Panic buying human nature
Editor-in-chief Neil Godbout
By last Wednesday afternoon, the shelves at grocery stores across Prince George were starting to look bare and the lineups at the till were long with customers waiting to pay for their loaded shopping carts. Fuelled by the southern highway closures and social media posts, many residents grabbed as much meat, produce, toilet paper and other goods as they could, just in case the highways would stay closed indefinitely and stores would not be able to restock. That didn’t happen, of course. Trucks took alternate routes or came from Alberta, loaded with groceries to stock up stores shelves by the weekend. Naturally, people took to social media to criticize their local friends and neighbours for filling up their pantries. Panic buying is another form of mob mentality, a well-known and studied social phenomenon seen not just in humans but in other mammals as well. Basically, when people and other critters see everyone else urgently doing something, they start doing it too, without knowing why, rather than take the risk of being left behind. “If everyone jumped off a bridge, would you jump, too?” our mothers used to scold us. Well, mom, I probably would and so would you. Even for those who stop to think about it for a moment, panic buying is easily justified. Emergency officials encourage everyone to stock up, just in case, so I should as well, right? That’s another proven human trait, where our conscious mind provides the rationale for what our subconscious has already decided we should do.

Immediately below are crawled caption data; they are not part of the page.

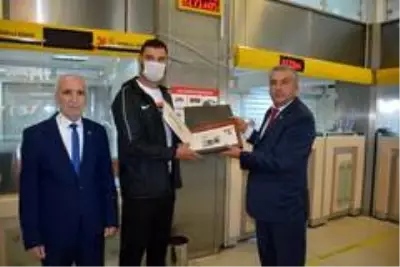 Aydın'da PTT'nin 180. kuruluş yıl dönümü kutlandı Aydın'da PTT'nin 180. kuruluş yıl dönümü kutlandı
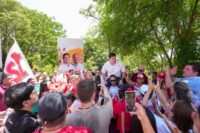 la-chacarita-se-movilizo-con-tino-ayala-rumbo-al-4-de-octubre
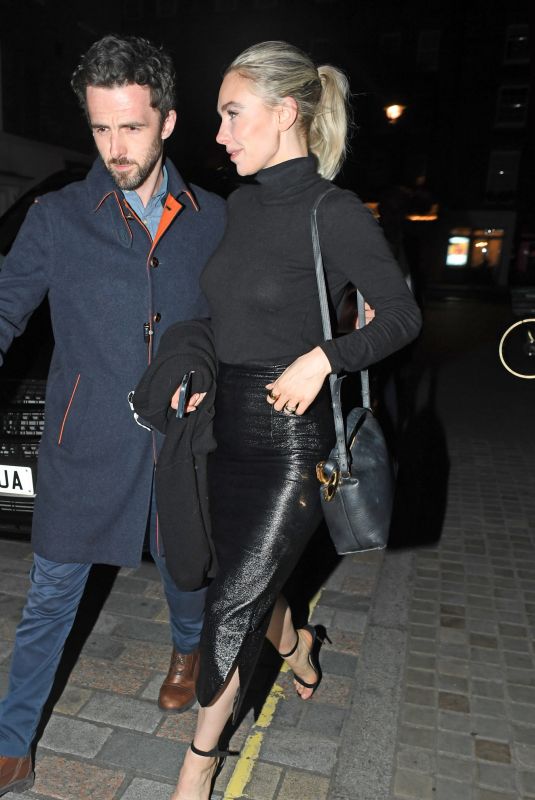 VANESSA KIRBY Out for Dinner in London 07/11/2024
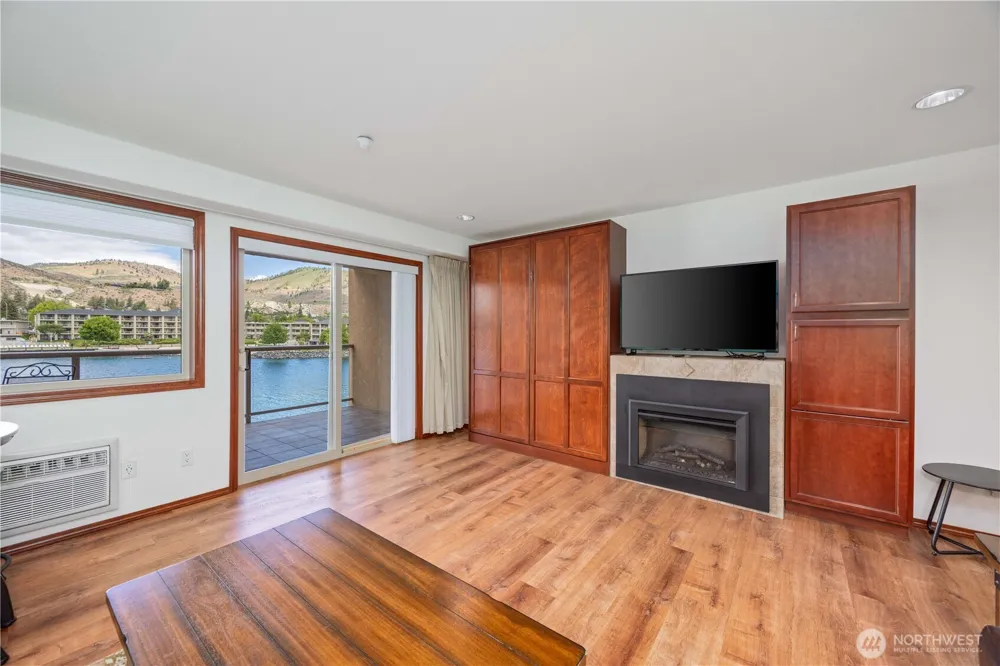322 W Woodin Avenue #632 Chelan, WA 98816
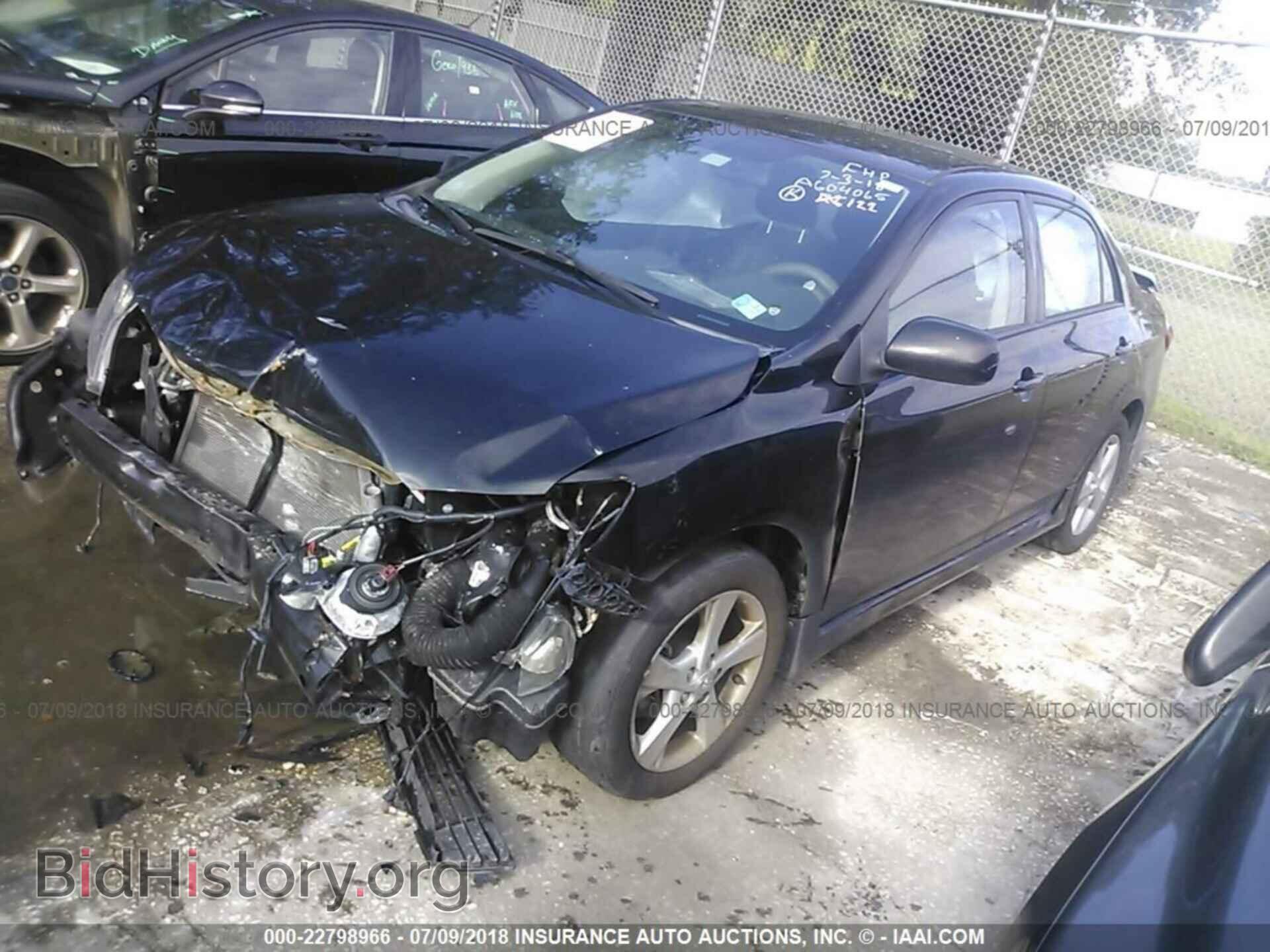 2013 Toyota Corolla - VIN: 2T1BU4EE0DC985565 - Photo 2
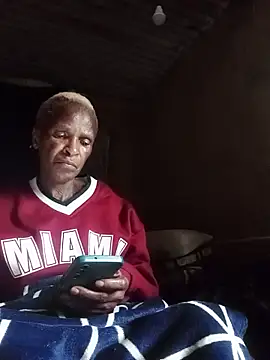 Snapshot of Naughtygrany chatting on June 2026 10:43:01 AM Naughtygrany online show from June 2026 10:43:01 AM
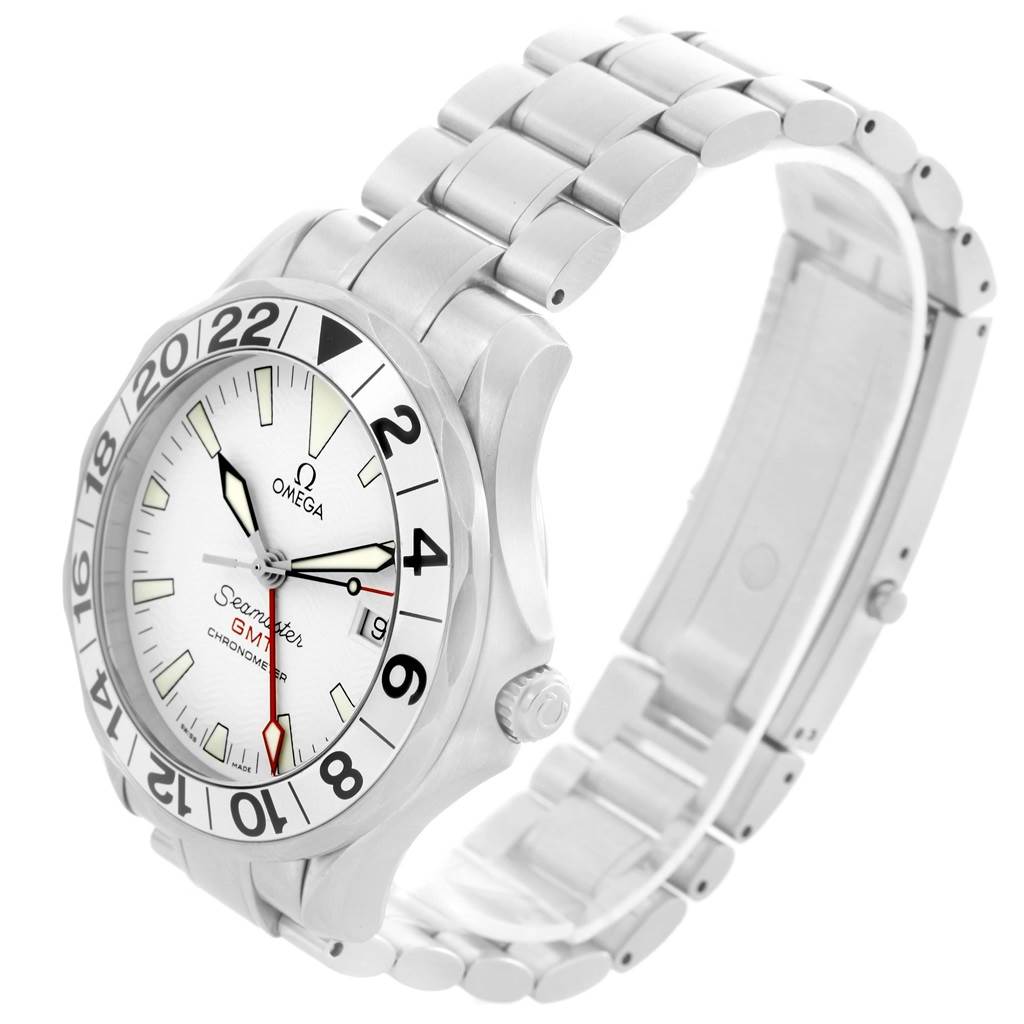 The image shows an Omega Seamaster 2538.20.00 Men
s Stainless Steel White Dial 2538.20.00 Men
s Stainless Steel White Dial watch at a three-quarter angle, highlighting the face, bezel, and stainless steel bracelet.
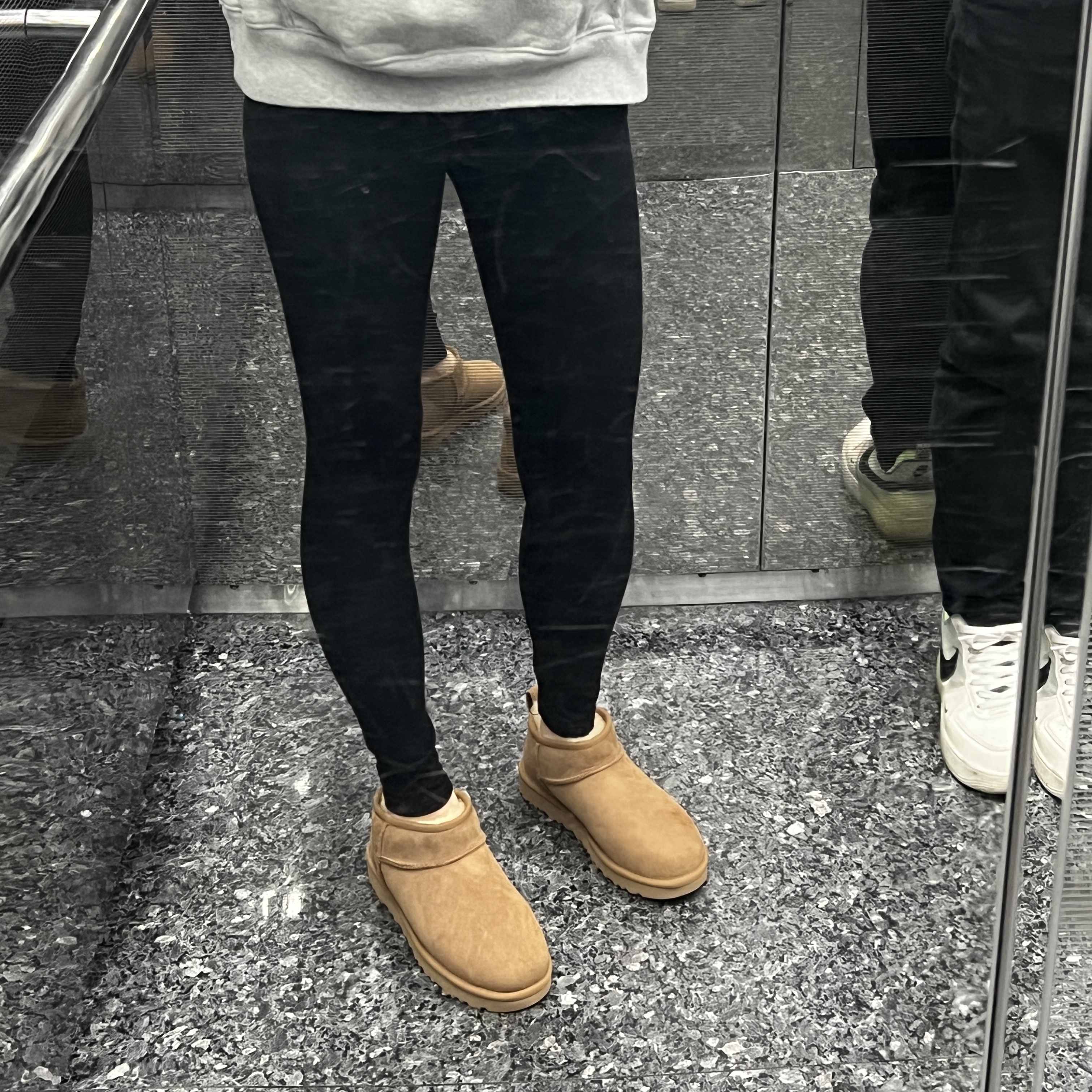 (W) UGG Classic Ultra Mini Boots Chestnut 착용 스타일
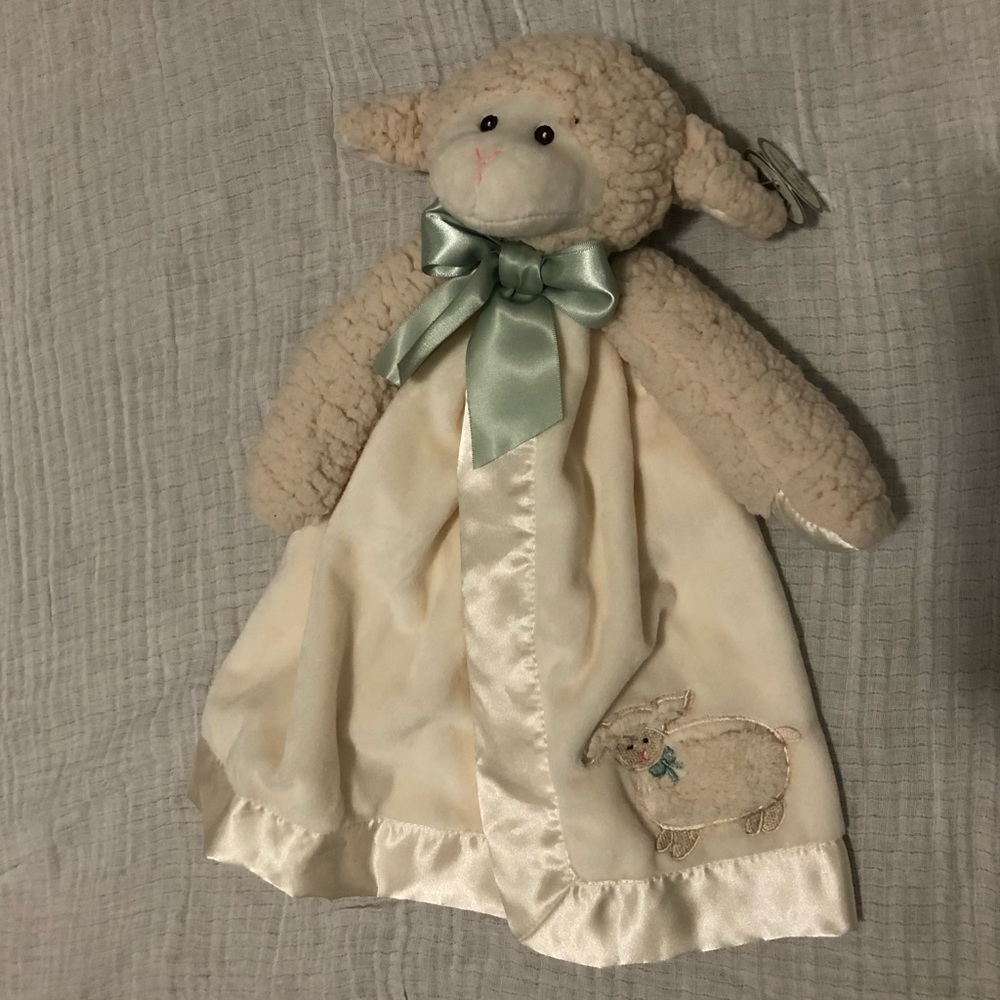 NWT Lamb Lovie/Security Blanket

Once panic buying takes hold, it’s nearly impossible to stop, even when community leaders, supply chain experts, grocery store presidents and the person working the till say everything will be fine and deliveries will just be late a day or two. The herd is on the move and it won’t stop until enough people question their actions. That doesn’t excuse the greed or the mindless panic buying we saw last week. It’s also human nature to follow the golden rule and consider the safety and welfare of others. In moments of crisis, real or imagined, we should all first ask ourselves what kind of human we want to be.